Sun Ra chimes in with lines from a poem of his: death speaks to negro: you are my servants, you are my servants in my name. Nina Simone joins I told jesus it would be alright if he changed my name. If Malcolm and Mingus didn’t offer incentive enough to give jazz and the negro away like haunted belongings while holding onto ourselves and our music, Sun Ra makes it irresistible and Nina Simone makes it holy. Think of Prince from this perspective, changing his name to escape a predatory recording contract, but branding himself with slave written across his cheek like a network of X’s, as he left his government name to them— it would be alright.

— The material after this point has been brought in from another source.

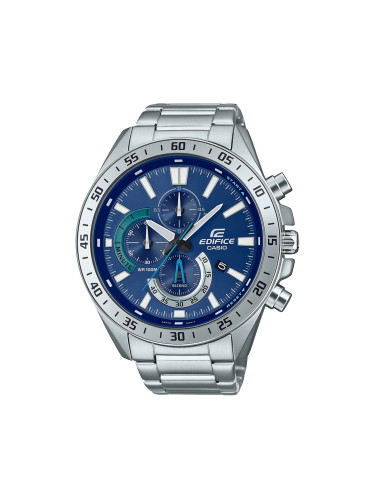 Часовник Casio Edifice EFV-620D-2AVUEF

Think of how many rappers whose government names you’ve never heard and how calling them would change the whole vibration of their music, hold them captive outside of its sound. Mechanized terminology is exhausting these days. Meaningful words and names are being made into clowns and jesters one by one until all we’ll have left is speechlessness, negroes, and jazz. A moment of silence for the so-called revolution that might come once we stop calling it by its slave name. A moment of reverence for Malcolm X and Charles Mingus, two men born under the sign of taurus, great orators by nature, who understood that the so-called truth was just a well-guarded rumor at the heart of black music, begging us to give it no name.